The shadow caster $C$ is a sequence-to-sequence model that learns arrays of contiguous node properties from sampled shadow walks on the shadow. The network predicts a sequence of inputs one at a time when some sequence is observed. We model $C$ with a long short-term memory (LSTM) (Hochreiter & Schmidhuber, 1997) neural network. Given sampled sequences of shadow walks $(\bm{s}_{1},\ldots,\bm{s}_{T})$ from the shadow as inputs, the shadow caster $C$ then generates synthetic shadow walks $(\tilde{\bm{s}}_{1},\ldots,\tilde{\bm{s}}_{T})$ to mimic the sampled walks.

Generator

The generator $G$ is a probabilistic sequential learning model that generates conditional graph random walks $(\bm{v}_{1},\ldots,\bm{v}_{T})\sim G$ . We model $G$ using another parameterized LSTM network $f_{\theta}$ . At each step $t$ , $f_{\theta}$ takes as input the previous memory state $\bm{m}_{t-1}$ of the LSTM model, the current additional information $\tilde{\bm{s}}_{t}$ , and the last node $\bm{v}_{t-1}$ . The model produces two values $(\bm{p}_{t},\bm{m}_{t})$ , where $\bm{p}_{t}$ denotes the probability distribution over the current node and $\bm{m}_{t}$ the current memory state. Next, the current node $\bm{v}_{t}$ is sampled from a categorical distribution $\bm{v}_{t}\sim Cat(\sigma(\bm{p}_{t}))$ using a one-hot vector representation, where $\sigma(\cdot)$ is the softmax function.

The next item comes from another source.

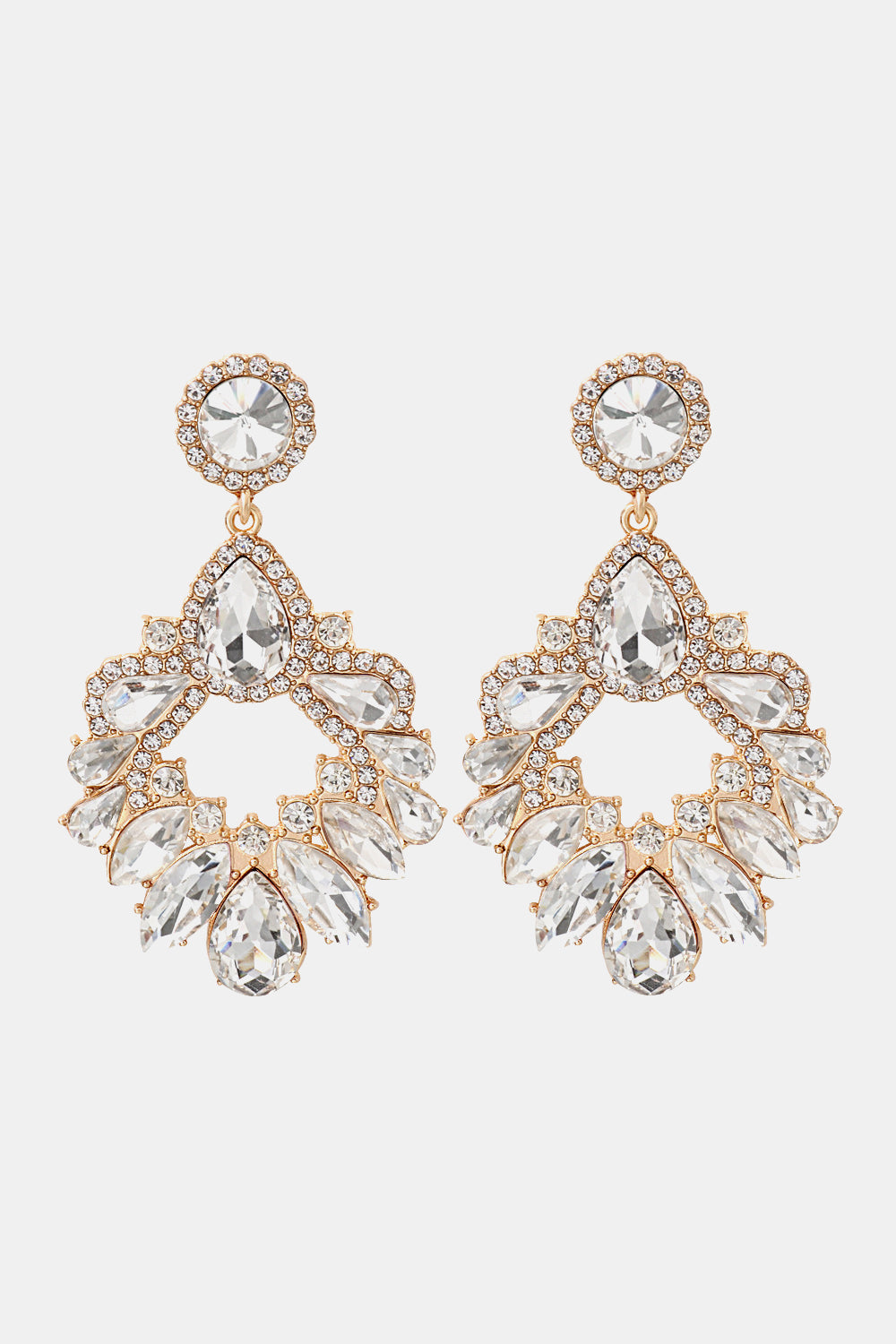 Zinc Alloy Frame Glass Stone Dangle Earrings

In order to initialize the model, we draw a latent noise from a multivariate standard normal distribution $\bm{\bm{z}}\sim\ \mathcal{N}(\bm{0},\bm{I}_{d})$ and pass it through a hyperbolic tangent function $g_{\theta^{\prime}}(\bm{\bm{z}})$ to compute memory state $\bm{m}_{0}$ . Generator $G$ takes as inputs the noise $\bm{\bm{z}}$ and sampled shadow walks $\bm{s}$ , and it outputs graph random walks $(\bm{v}_{1},\ldots,\bm{v}_{T})$ . Through this process, $G$ generates fake random walks.

Discriminator

The discriminator $D$ is a binary classification LSTM model. The goal of $D$ is to discriminate between real walks sampled from walking on the original graph and fake walks generated by $G$ . At each time-step $t$ , the discriminator takes two inputs: the current node $\bm{v}_{t}$ and the associated shadow $\bm{s}_{t}$ , both represented as one-hot vectors. After processing each presented sequence of shadow and graph walks, $D$ outputs a score between $0$ and $1$ , indicating the probability of a real walk.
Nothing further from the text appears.